By Edited Jan 14, 2016 0 2

Materialism is a fascinating topic because it is a belief that is typically misconstrued by those holding to a belief in dualism of the mind and body, and an understanding that comes from sources that would be associated with folk psychology (the church and other archaic sources of knowledge). While it is debatable as to what purpose we serve (if any in particular) if a materialistic perspective is true, the idea that one may be moral-less if they do not believe in a mind/soul in any exclusive sort of way is very flawed; and in the least ignorant. With that said, there are multiple positions held by materialists (though they all may intersect in some ways) which add depth to their argument. Eliminative materialism is a particularly intriguing form of materialism because it explains how foolish common beliefs are. Undoubtedly, objections have arisen that beg the question of whether or not eliminative materialism can even be fathomed without some mental properties.

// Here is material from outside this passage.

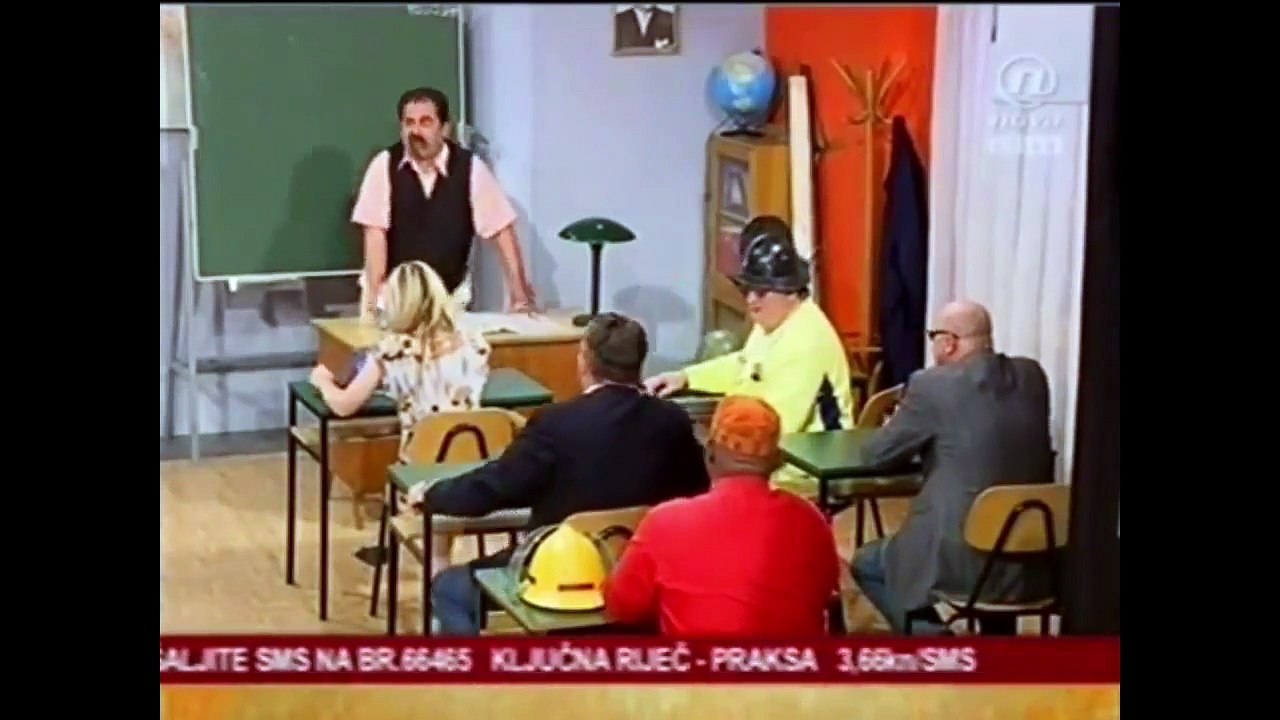 Pervanove Fore! (Tako ti...)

In the case of eliminative materialism, materialists of this philosophy of mind propose the idea that classes of mental states and common-sense understanding of the mind are inherently wrong, and that these things simply do not exist. It would appear that eliminative materialism views the functionality of the universe to be far more complex (though, seemingly more simple is some ways) than how it has been described since ancient times. This complexity is found when one considers the potential for all of our qualia to be contained within the algorithm of the physical world, yet simplicity is found as well in the fact that there is only a physical plane of existence. The ideas developed over time by society, particularly through powerful groups (such as the church in particular) who once held the "key" to knowledge and enlightenment for those poor peasants unable to read, write, and exist without fear of how the "unknown" world functions were sensible in their time. Concepts of the subjective mind and qualia were (and still are) easy to grasp, though this simplicity may not necessarily properly explain how the universe truly works.

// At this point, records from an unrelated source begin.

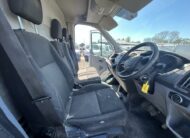 2024 Ford Transit – Model: Transit 350 Limited EcoBlue MHEV – L90JDJ/SL19TUP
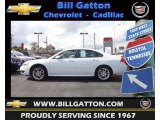 2012 Chevrolet Impala LTZ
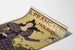 Plakat Vintage L. Prang & Co Wydawnictwa Świąteczne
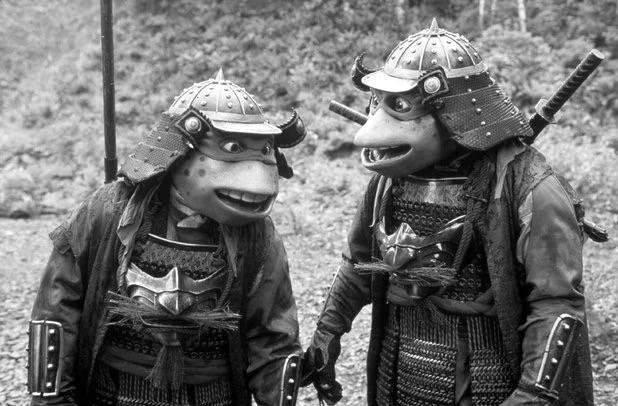 Sandlerslist's tweet photo. Seven Samurai (1954) | dir. Akira Kurosawa https://t.co/GPqvYAxjFE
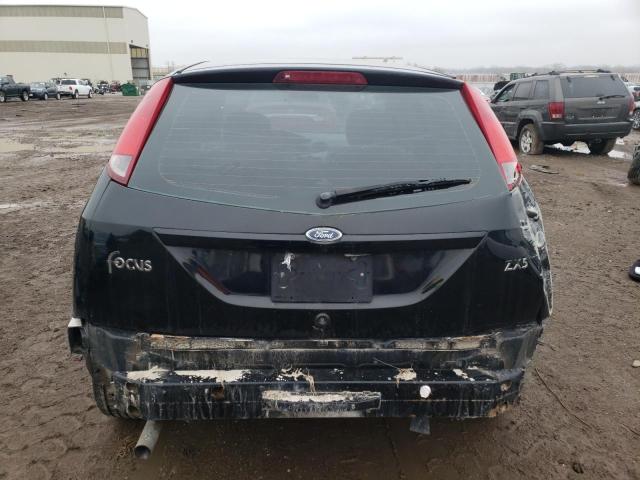 Photo 6 from auction – 2003 FORD FOCUS ZX5 with VIN 3FAFP37323R186027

Furthermore, the definitive qualities of many words (such as belief and desire) that seemingly explain mental concepts are simply inaccurately defined; as they presume that there is some basis in the external, mental world mutually exclusive of the physical realm. The eliminative materialist's position then would suppose that these so-called mental processes could be explained appropriately using strictly physiological ideas. Folk psychological concepts tend to only examine simple ways of explaining things, without taking into consideration the complexity of the physical system. For example, many "mental" occurrences could potentially be explained by neurological events; though awareness of the physical body on the neurological level may very well be impossible without the right tools for examining the brain. With the growth of human understanding throughout the Scientific Revolution and so on, it is hard to fathom why an individual would adhere to archaic constructs that explain how the "mind" and universe work.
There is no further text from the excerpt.